А жизнь шла своим чередом. Рядом с Лидой острили и хохотали, мирились и ссорились, сдавали зачеты и радовались погожему морозному дню, спешили на каток, перекинув связанные коньки через плечо.
Впервые Лида усомнилась в коммуне. «Что это — временное объединение людей, связанных годами учебы, жизни под одной крышей, или нечто большее? Почему я раньше не задумывалась над этим? Что такое коммуна? Вот мне плохо, а девчонки собираются на танцы, меня не зовут, знают, что не пойду...»
Слабый, протестующий внутренний голос тут же спрашивал:
«А ты бы хотела, чтобы они остались дома, сочувственно глядели бы на тебя и отказались от всего, что им нравится?»
«Нет, но...» — Лида сама не знала, в чем она может упрекнуть друзей. Просто, как любому человеку, попавшему в беду, ей хотелось, чтобы ее окружало постоянное доброе внимание.
Особенное, глухое и пока непонятное раздражение вызывал в ней Измаил — тот самый Измаил, которого раньше она считала самым ярким парнем. Теперь Измаил казался Лиде излишне самоуверенным, он любил ставить последнюю точку в споре и чуточку рисовался.
— Знаете, кто мы? — сказал как-то Измаил, вернувшийся из очередного рейда возбужденный, с лицом, разгоревшимся от мороза. — Мы — самый беспечный, самый бескорыстный и легкий на подъем народ!
— К чему такие слова? — недовольно поморщилась Лида, задетая его эпитетом «бескорыстный». — Ты, Измаил, забыл цену словам.
— Почему?
— Это ложь, что студенты — самый веселый народ! Так говорить — значит ничего не сказать о нас.
— Тогда скажи ты...
— Да что там говорить. И потом, я знаю только про себя, про девчонок... Вот мы дошли до четвертого курса, забиваем голову науками, изучаем самые лучшие, самые прекрасные в мире книги... Но о чем каждая втихомолку думает? «Четвертый курс, пора замуж... А все мы — далеко не красавицы».
— Натурализм, — усмехнулся Измаил. — Что-то раньше не замечалось за тобой такого...
— Поумнела.
— Ну, ничего, Лидуха, утешай себя тем, что такое «поумнение» временно, — Измаил хлопнул Лиду по плечу и заторопился куда-то, как всегда уверенный в себе и в своих словах.
И только встречаясь с Гришей или думая о нем, Лида становилась прежней. Ночью, устроив поудобнее больную ногу и положив на сердце влажный платок, она принималась мечтать.
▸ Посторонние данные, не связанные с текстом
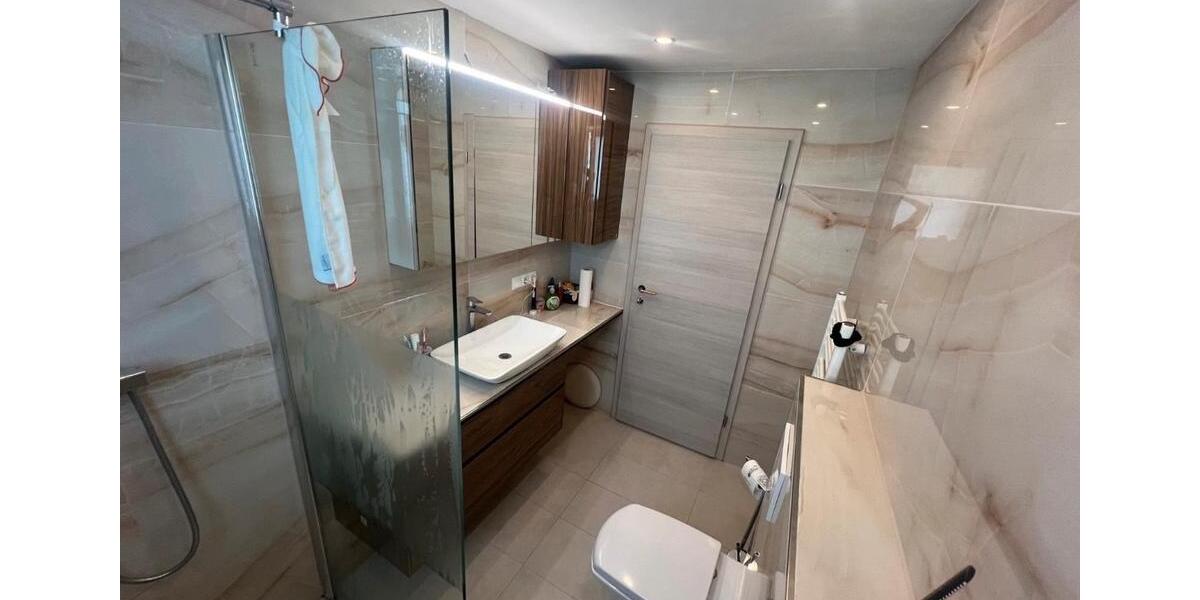 Charmantes Reiheneckhaus mit Wintergarten 4 zimmer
Теперь, когда Лида обрекла себя на суровое одиночество, она могла позволить себе говорить с Гришкой так, как ей хотелось.
«...Если скажу тебе: любовь фиолетовая — ты усмехнешься. Если скажу: голубая и светлая — назовешь дохлым романтиком. Но если сказать тебе, что любовь — черная, со всеми сорока оттенками, ты покачаешь ершистой головой и твердо скажешь: «Нет! Не бывает черной любви!»
Ага, милая коломенская верста! Попался! Значит, и ты красишь слова и чувства, если точно знаешь, что любовь не бывает черного цвета? Значит, мы похожи»...
Платочек на сердце быстро высыхал. Лида начинала задыхаться и метаться на подушке.
Кто-нибудь из подруг вставал, на цыпочках подходил к ней, накрывал одеялом и распахивал окно настежь.